Sorting Asymptotics
Licensed under Creative Commons: other posts

theory

Worst- and best-case runtime for sorting, and why anyone cares.

A few weeks ago I commented on asymptotics, or analyzing how programs behave on very large inputs. Last week I failed to write a sequel to this post. As I reflected on that failure I decided part of it was because I hadn’t given enough background before writing asymptotics. Today I hope to give a smattering of more-accessible examples.

# Sorting

Suppose I have a deck of cards and I want to put them in order. The cards could be in any order to start out; for example, if they are already in order then all I need to do is glance through the deck to verify that and I’m done. If they are in some “‍random‍” order I need to move some of them around too. Let’s see if we can formalize the amount of work required.

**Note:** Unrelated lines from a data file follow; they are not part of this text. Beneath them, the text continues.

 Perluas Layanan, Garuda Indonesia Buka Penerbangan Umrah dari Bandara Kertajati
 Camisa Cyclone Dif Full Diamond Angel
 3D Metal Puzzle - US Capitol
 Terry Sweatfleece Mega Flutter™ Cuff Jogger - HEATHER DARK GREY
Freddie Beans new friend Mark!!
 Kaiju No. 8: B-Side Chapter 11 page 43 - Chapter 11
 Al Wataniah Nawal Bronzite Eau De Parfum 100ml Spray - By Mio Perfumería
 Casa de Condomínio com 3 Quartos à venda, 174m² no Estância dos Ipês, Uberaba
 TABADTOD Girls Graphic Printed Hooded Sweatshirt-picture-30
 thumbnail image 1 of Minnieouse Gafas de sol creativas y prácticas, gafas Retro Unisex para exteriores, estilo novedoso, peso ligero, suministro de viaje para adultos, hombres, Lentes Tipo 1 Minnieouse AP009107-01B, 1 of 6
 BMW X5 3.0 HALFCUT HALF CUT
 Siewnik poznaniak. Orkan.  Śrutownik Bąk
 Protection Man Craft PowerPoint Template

First we need to formalize the basic operations we consider. Let’s start simple: we can check to see if two cards are in order or not, and we can remove a card from one spot and insert it somewhere else. There are plenty of possible operations this ignores, such as putting a card on a particular spot on a table or checking to see how many cards are between two cards, but it’s enough for many sorting algorithms.

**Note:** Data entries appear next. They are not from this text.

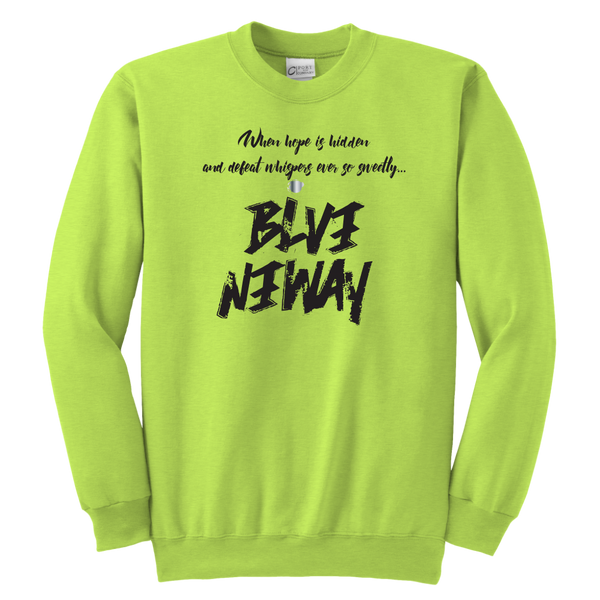 Believe Anyway Be Bold Youth Sweatshirt - KA Inspires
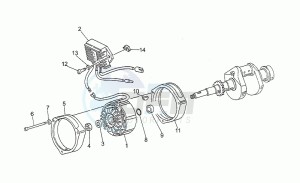 750 X Polizia - PA 2A Serie Polizia/PA 2A Serie drawing Ducati Ignition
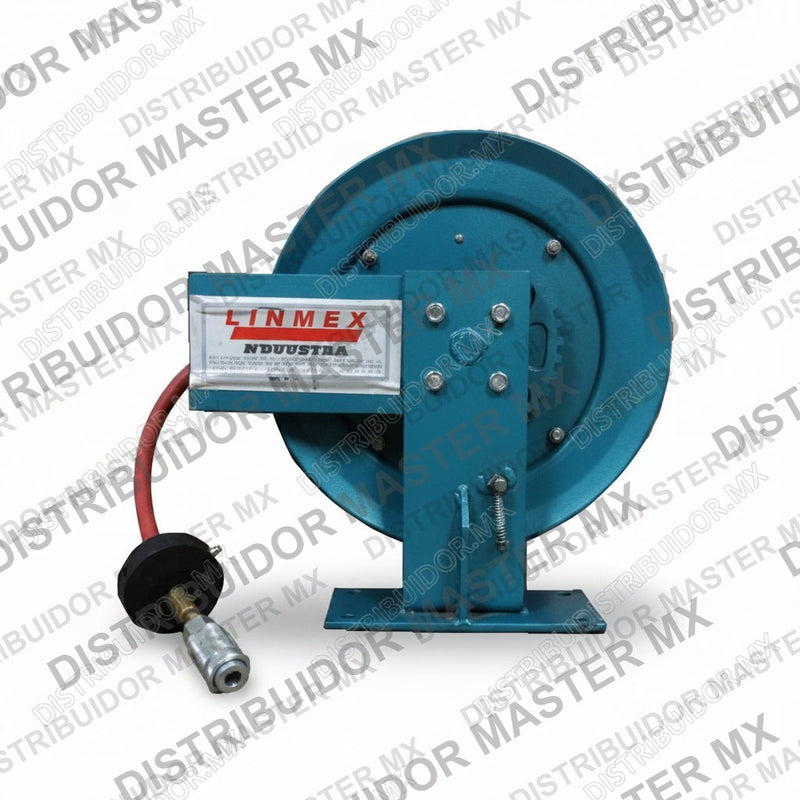 Carrete Retractil Neumatico Nufetisa 830408-A De 7 Metros Con Manguera de 1/4"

In the best case we need to verify that the deck is already in order. For a 52-card deck this requires comparing at least 51 cards. Thus, the the best-case runtime of a card sorting algorithm is n – 1, which is in O(n).

# Sorting Algorithms

Usually when a problem like sorting is considered it is considered in terms of a few example algorithms. We’ll do the same, looking at a few such algorithms

bubble sort
for each position i { if cards i and i + 1 are out of order { swap cards i and i + 1 } }

Bubble sort is a particularly simple algorithm to express, but also rather inefficient. A single pass through the deck is not sufficient; for example, if we start with 364152 the first pass runs as follows:

4152
3152
3452
3412
3415

Another pass gives us 314256, then another pass for 132456, and a fourth for 123456. The worst case for bubble sort is an initially backwards deck: 654321 → 543216 → 432156 → 321456 → 213456 → 123456. Backwards decks use n – 1 comparisons and swaps to get the last card in place, then n – 2 comparisons and swaps to get the next-to-last card in place, etc. Thus, bubble sort’s worst-case runtime is
 n2 – n 2
, which is in O(n2).

binary insertion sort
for each s in 1, 2, … n – 1 { call card s + 1 “‍c‍”; consider the window 1 … s; while the window has more than one card { if c is after the middle card in the window { keep the second half of the window } otherwise { keep the first half of the window } }; move c before or after the window, as appropriate. }

The binary insertion sort is both more complicated and more efficient than bubble sort. The idea is that the first s cards are in order and we efficiently decide where to stick the next card into that set. The whole “‍window‍” bit is called a “‍binary search‍” and is the quickest way to find the right spot in an ordered list. Again using 364152, the entire search is

 64152 → 36 4152
4152 → 6 4152 → 346 152
 152 → 46 152 → 1346 52
 52 → 13 52 → 136 52 → 13456 2
 2 → 456 2 → 3456 2 → 123456

One of the interesting things about this algorithm is that is takes approximately the same amount of time for every input. That time is a bit messy to derive or even express It involves the Pochhammer symbol, not exactly well-known mathematics. , but the binary search takes approximately log2(s) and the end result is in O(n log(n)).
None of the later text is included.